* How to complete this task:
Print the data exactly as written, but leave out each picture.

* Exercise input:
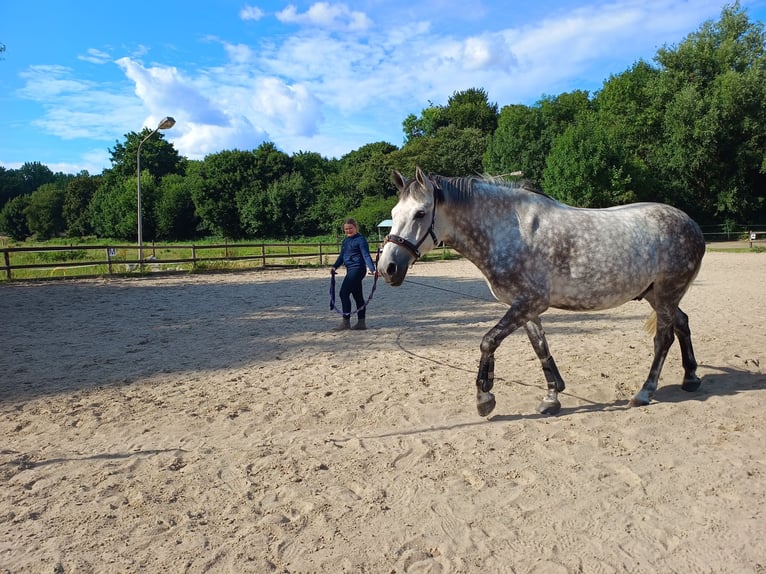 Weitere Ponys/Kleinpferde Mix Wallach 12 Jahre 153 cm Schimmel in Herne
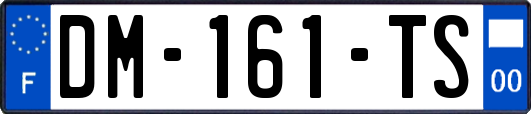 DM-161-TS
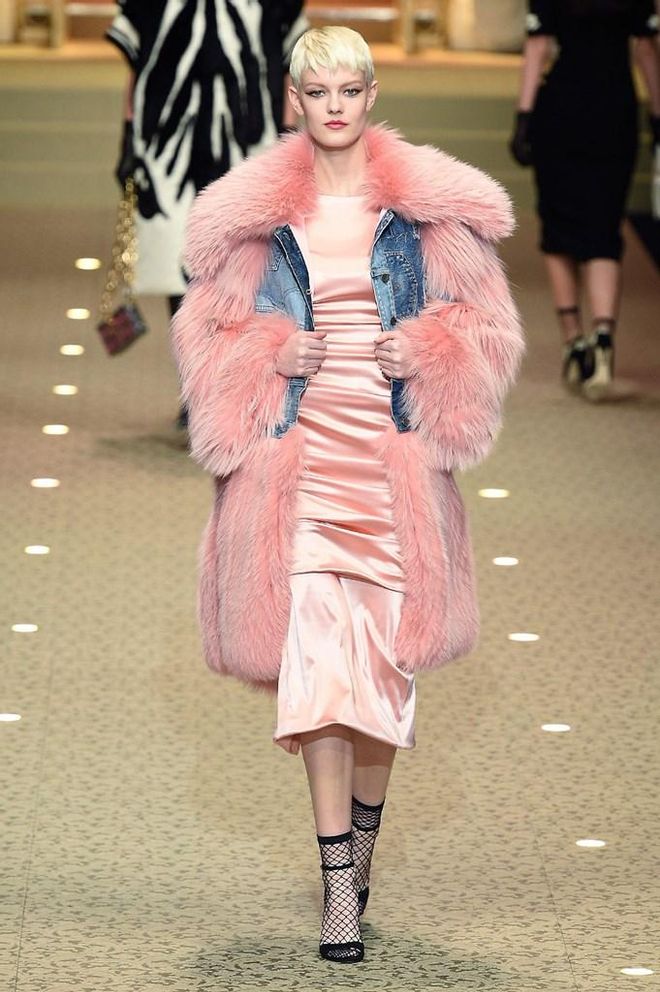 Dolce & Gabbana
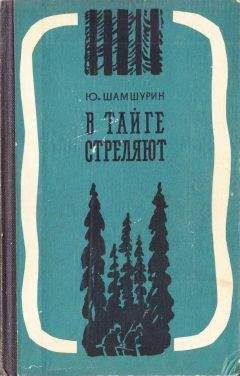 Исай Калашников - Повести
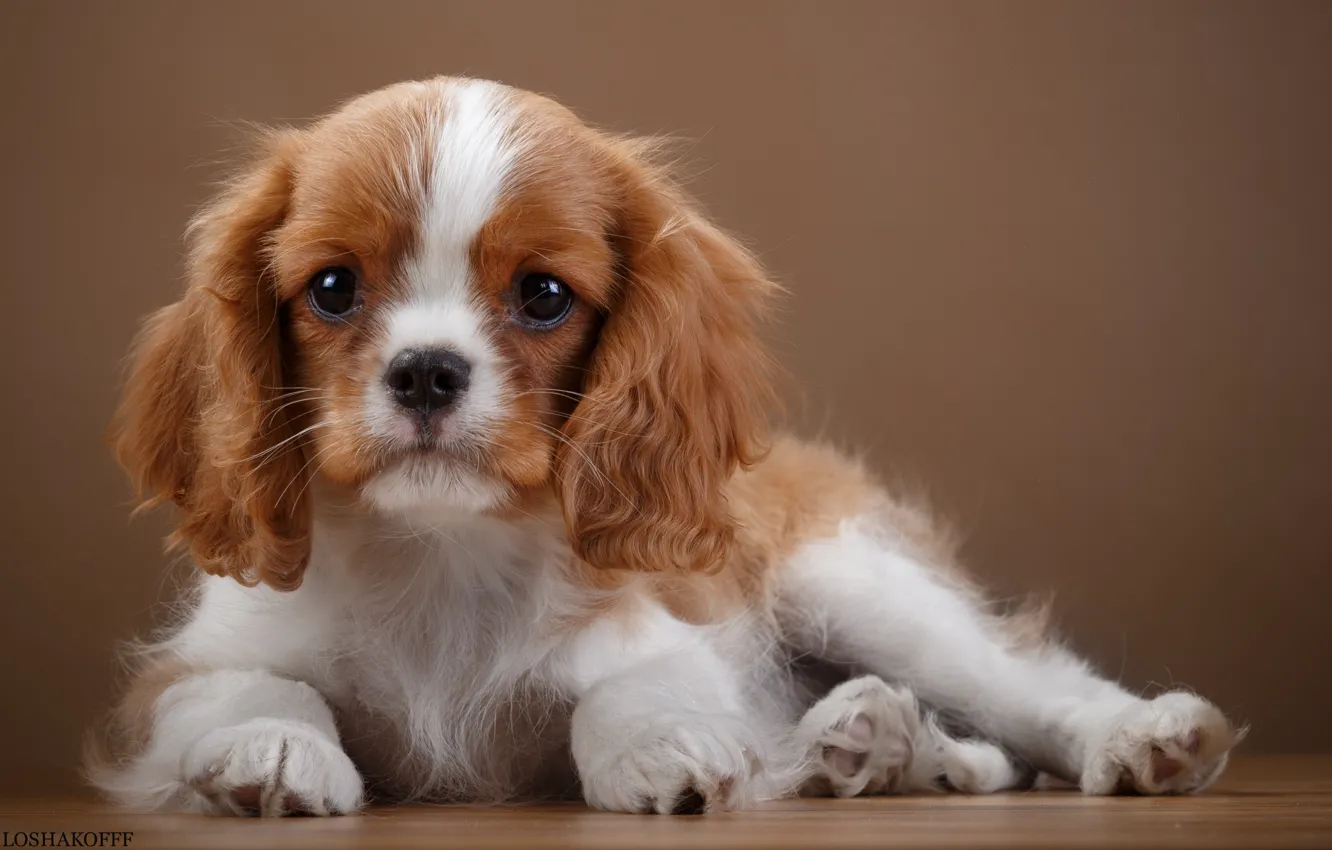 Photo wallpaper puppy, ears, breed, Spaniel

* Worked solution:
 Weitere Ponys/Kleinpferde Mix Wallach 12 Jahre 153 cm Schimmel in Herne
 DM-161-TS
 Dolce & Gabbana
 Исай Калашников - Повести
 Photo wallpaper puppy, ears, breed, Spaniel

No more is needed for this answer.